Take the entries that follow and return exactly the lines from the one holding "Diamond Antenna AZ504SP" through the one holding "لأول مرة.. دراسة كبرى تربط تناول", both included. Nothing else is needed.

**Extracted information:**
● ● ●

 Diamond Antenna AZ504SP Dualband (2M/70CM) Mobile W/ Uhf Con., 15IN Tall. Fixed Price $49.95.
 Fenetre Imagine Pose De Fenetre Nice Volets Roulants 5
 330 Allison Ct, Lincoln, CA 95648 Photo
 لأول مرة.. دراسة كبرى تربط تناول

● ● ●

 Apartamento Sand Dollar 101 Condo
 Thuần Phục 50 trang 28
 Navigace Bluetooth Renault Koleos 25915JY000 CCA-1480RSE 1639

● ● ●

**Response below:**
 Diamond Antenna AZ504SP Dualband (2M/70CM) Mobile W/ Uhf Con., 15IN Tall. Fixed Price $49.95.
 Fenetre Imagine Pose De Fenetre Nice Volets Roulants 5
 330 Allison Ct, Lincoln, CA 95648 Photo
 لأول مرة.. دراسة كبرى تربط تناول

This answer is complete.